:: Source records ::

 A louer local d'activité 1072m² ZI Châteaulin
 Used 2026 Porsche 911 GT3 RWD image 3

--

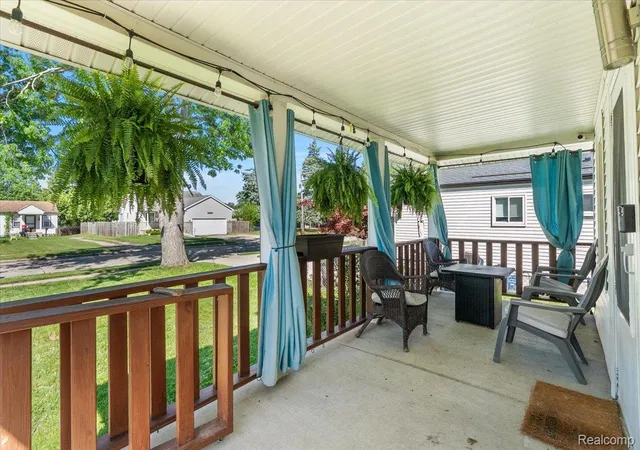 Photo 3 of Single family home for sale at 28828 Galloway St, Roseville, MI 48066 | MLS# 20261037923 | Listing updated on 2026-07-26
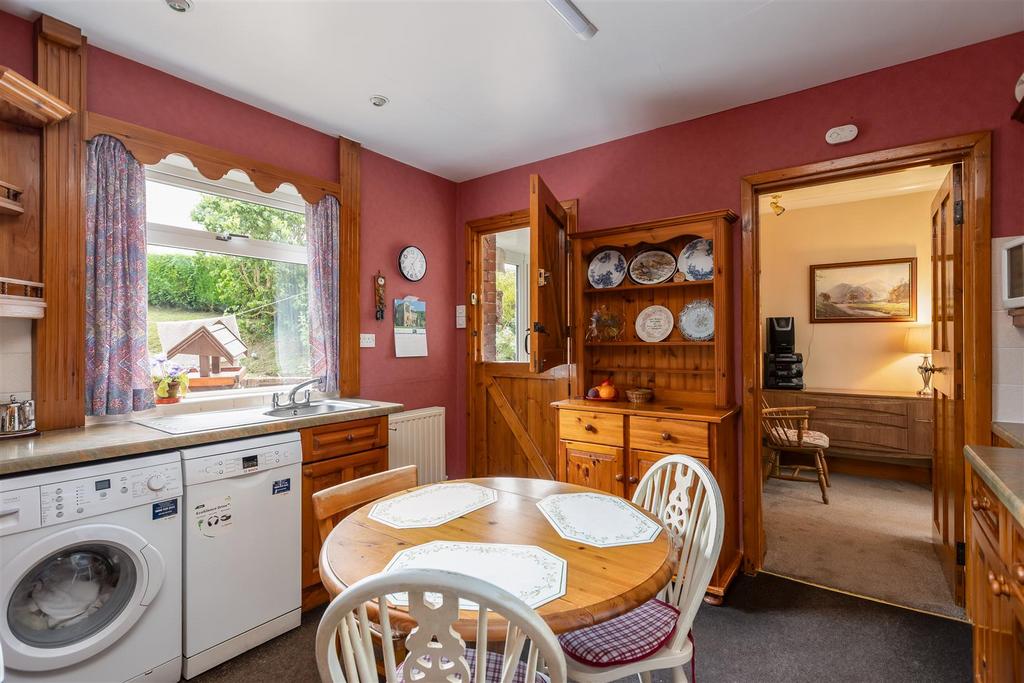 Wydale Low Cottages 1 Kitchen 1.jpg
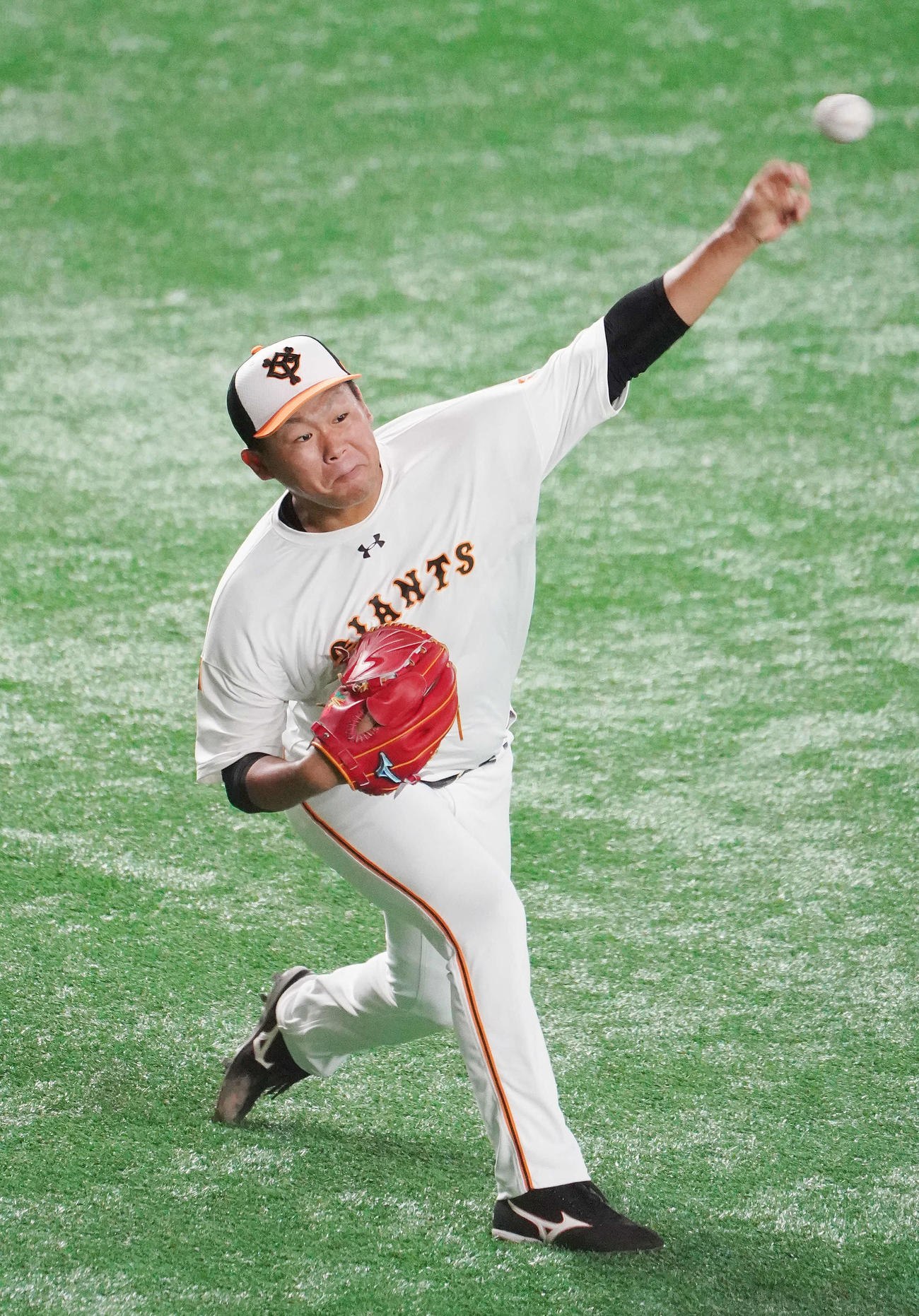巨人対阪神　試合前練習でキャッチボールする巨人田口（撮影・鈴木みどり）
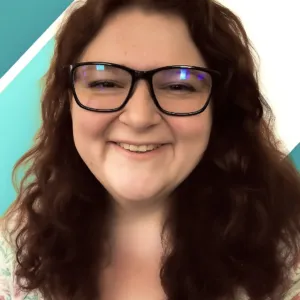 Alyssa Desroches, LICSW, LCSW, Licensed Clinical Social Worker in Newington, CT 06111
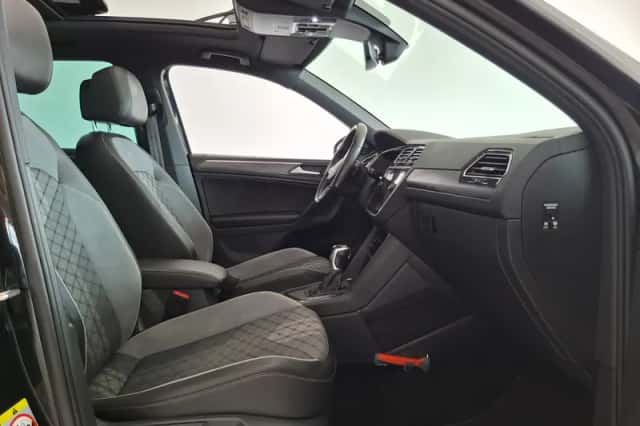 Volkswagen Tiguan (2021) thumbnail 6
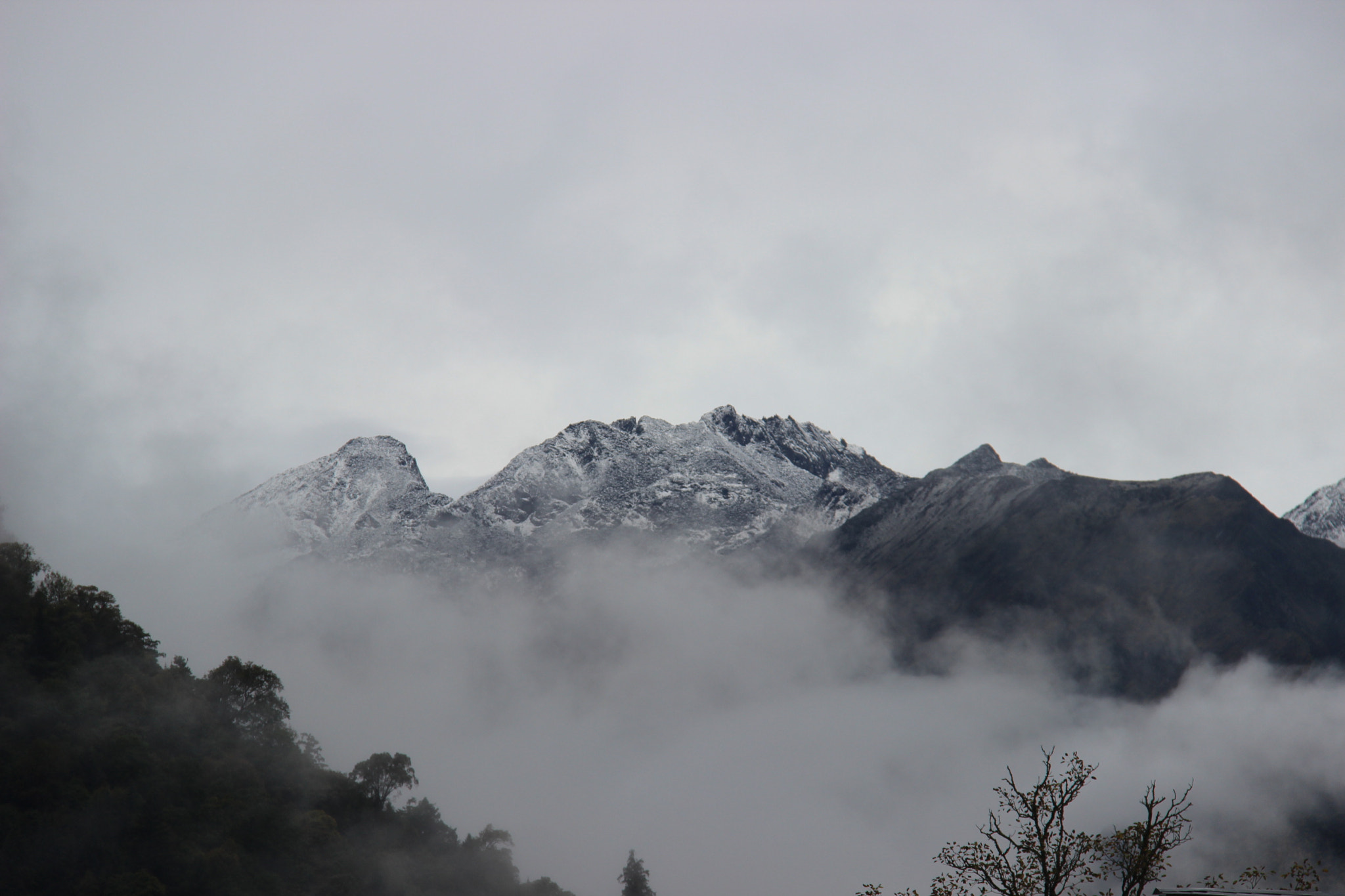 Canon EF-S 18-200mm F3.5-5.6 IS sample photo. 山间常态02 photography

:: Try it ::
Copy exactly the lines of the entries above from the one containing "Photo 3 of Single" through the one containing "Alyssa Desroches, LICSW, LCSW, Licensed". Both end lines count; pictures do not.

:: Task response ::
 Photo 3 of Single family home for sale at 28828 Galloway St, Roseville, MI 48066 | MLS# 20261037923 | Listing updated on 2026-07-26
 Wydale Low Cottages 1 Kitchen 1.jpg
巨人対阪神　試合前練習でキャッチボールする巨人田口（撮影・鈴木みどり）
 Alyssa Desroches, LICSW, LCSW, Licensed Clinical Social Worker in Newington, CT 06111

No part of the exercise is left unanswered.